┌──

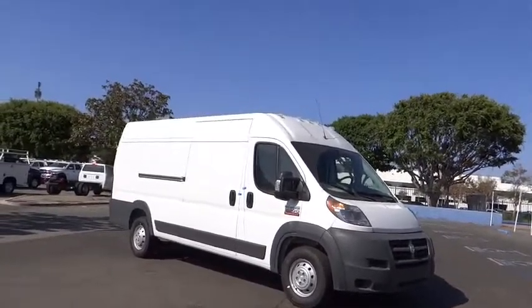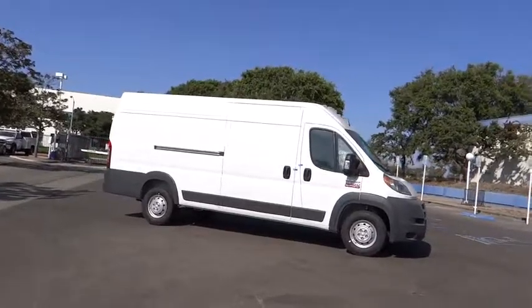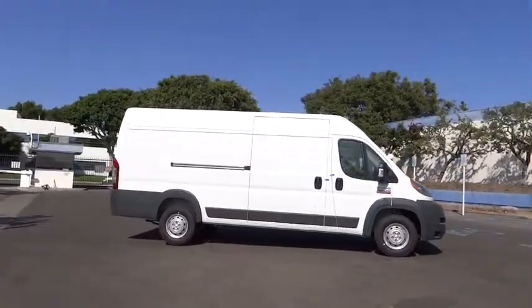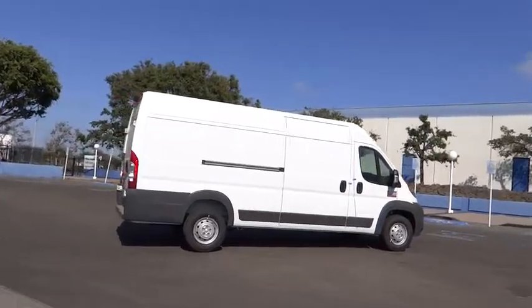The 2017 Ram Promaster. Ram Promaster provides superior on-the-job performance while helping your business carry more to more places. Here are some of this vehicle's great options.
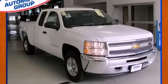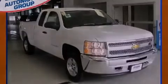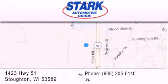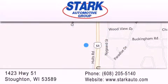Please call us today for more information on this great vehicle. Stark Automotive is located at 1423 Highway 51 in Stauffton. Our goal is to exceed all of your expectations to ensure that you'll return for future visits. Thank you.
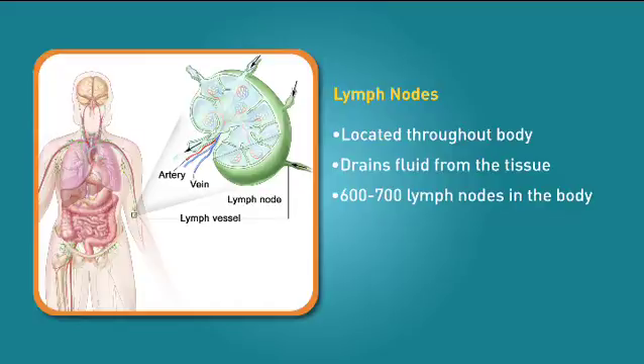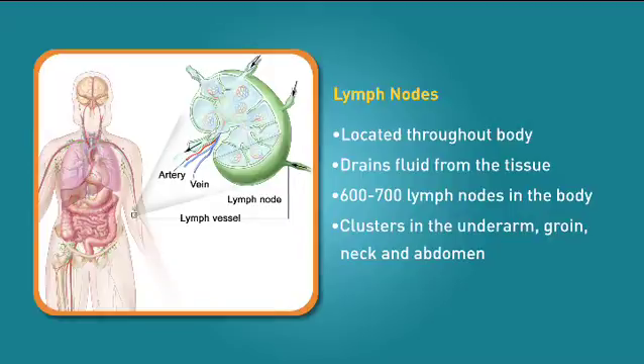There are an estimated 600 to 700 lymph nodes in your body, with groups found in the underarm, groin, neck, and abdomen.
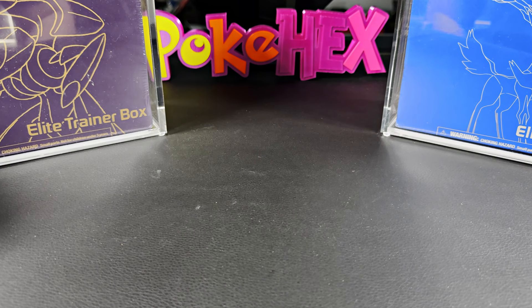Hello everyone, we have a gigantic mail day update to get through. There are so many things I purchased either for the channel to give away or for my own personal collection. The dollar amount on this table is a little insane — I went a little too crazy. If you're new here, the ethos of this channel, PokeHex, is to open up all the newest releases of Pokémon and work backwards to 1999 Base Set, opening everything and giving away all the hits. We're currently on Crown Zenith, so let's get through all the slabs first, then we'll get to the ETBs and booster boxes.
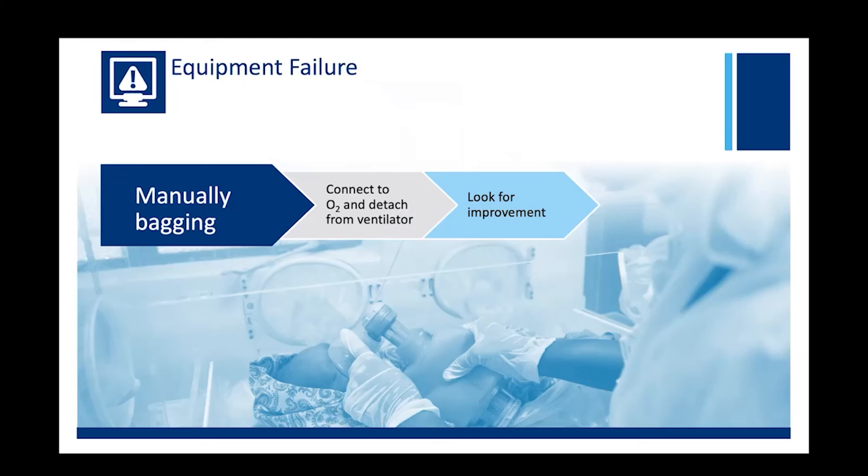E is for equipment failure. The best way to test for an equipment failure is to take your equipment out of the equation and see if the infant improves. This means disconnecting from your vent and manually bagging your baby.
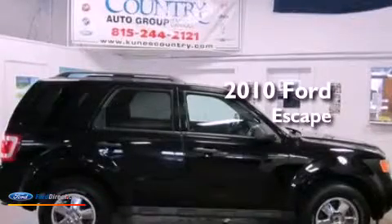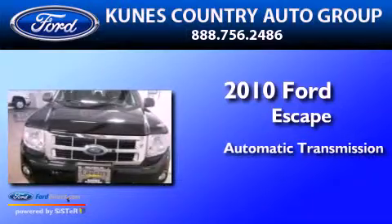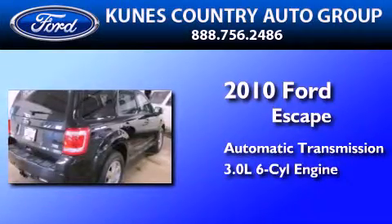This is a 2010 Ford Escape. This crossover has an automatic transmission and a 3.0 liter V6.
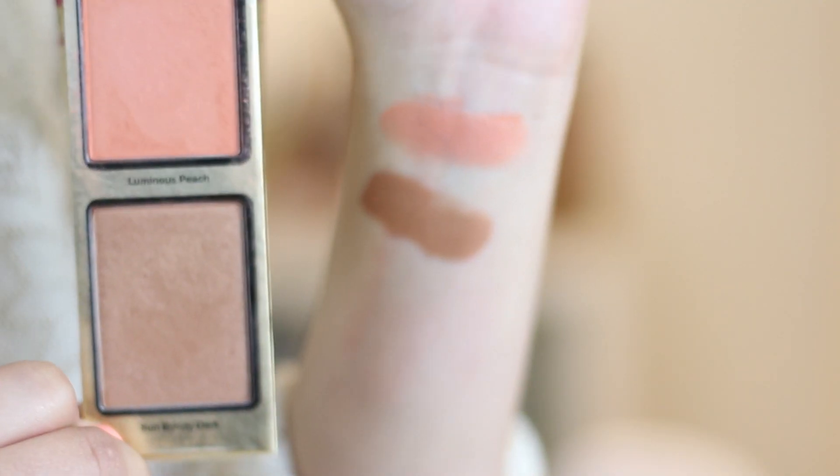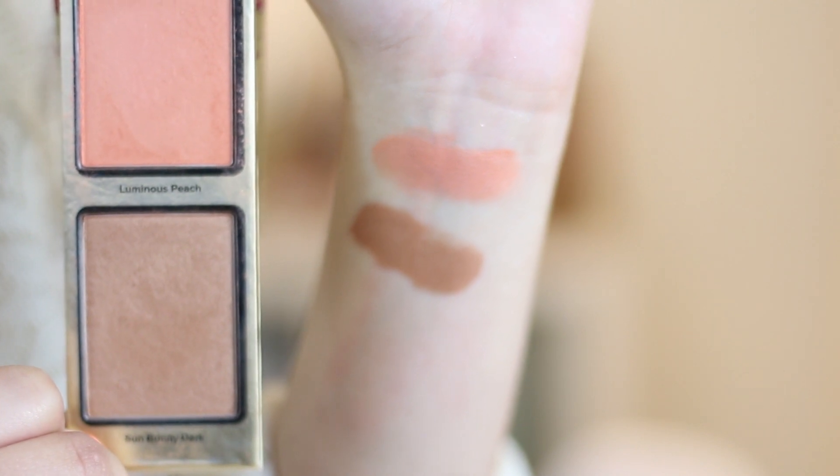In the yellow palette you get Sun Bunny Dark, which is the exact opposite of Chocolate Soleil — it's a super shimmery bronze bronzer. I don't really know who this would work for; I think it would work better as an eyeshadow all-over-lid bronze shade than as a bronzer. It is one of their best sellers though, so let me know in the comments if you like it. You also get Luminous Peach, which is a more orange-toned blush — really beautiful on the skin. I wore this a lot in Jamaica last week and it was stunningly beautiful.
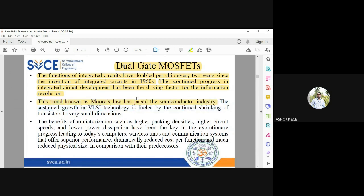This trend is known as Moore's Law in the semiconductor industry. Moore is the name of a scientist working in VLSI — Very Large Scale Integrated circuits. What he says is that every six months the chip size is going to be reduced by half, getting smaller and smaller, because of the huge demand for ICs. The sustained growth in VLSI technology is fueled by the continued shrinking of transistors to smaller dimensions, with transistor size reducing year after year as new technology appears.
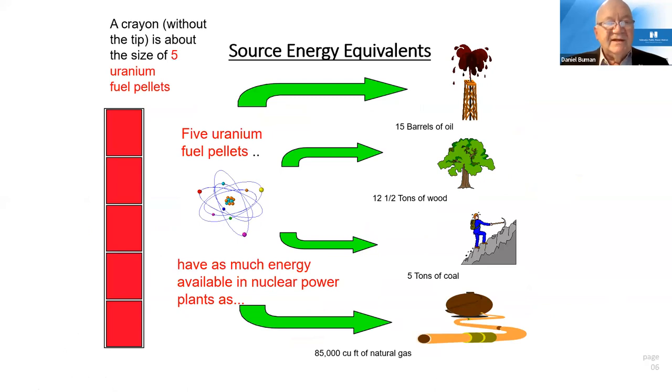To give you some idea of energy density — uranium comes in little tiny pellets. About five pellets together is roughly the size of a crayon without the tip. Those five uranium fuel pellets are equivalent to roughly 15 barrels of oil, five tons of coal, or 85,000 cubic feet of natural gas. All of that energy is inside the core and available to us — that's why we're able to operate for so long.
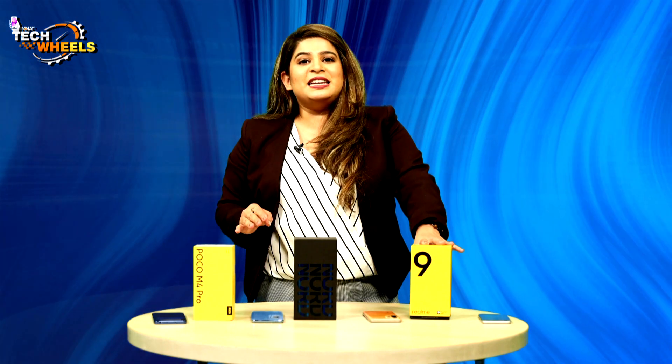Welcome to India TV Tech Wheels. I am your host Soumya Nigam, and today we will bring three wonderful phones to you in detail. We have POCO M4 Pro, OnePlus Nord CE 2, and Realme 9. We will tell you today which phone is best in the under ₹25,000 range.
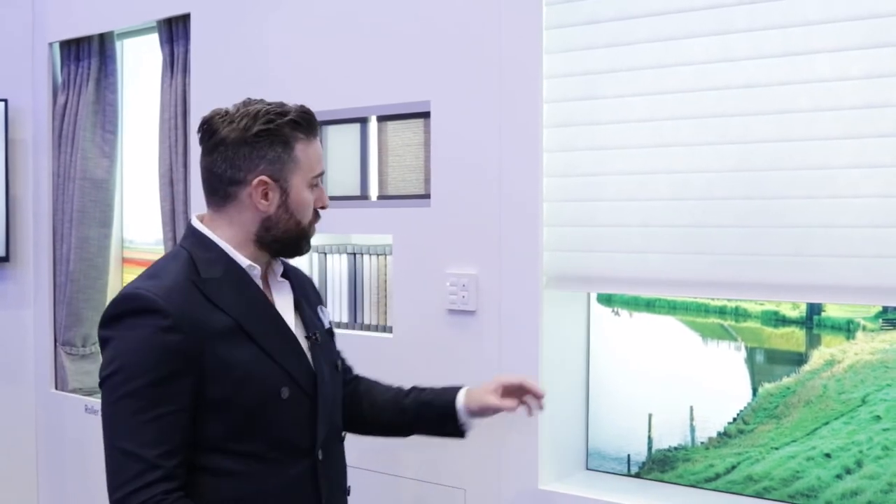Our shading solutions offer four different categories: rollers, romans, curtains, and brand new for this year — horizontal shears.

└──

• **Directions for this task**
Leaving every picture behind, retype the entries above exactly, from the first line through the line with "There are an", and stop there.

• **Problem solution**
The 2017 Ram Promaster. Ram Promaster provides superior on-the-job performance while helping your business carry more to more places. Here are some of this vehicle's great options.
Please call us today for more information on this great vehicle. Stark Automotive is located at 1423 Highway 51 in Stauffton. Our goal is to exceed all of your expectations to ensure that you'll return for future visits. Thank you.
There are an estimated 600 to 700 lymph nodes in your body, with groups found in the underarm, groin, neck, and abdomen.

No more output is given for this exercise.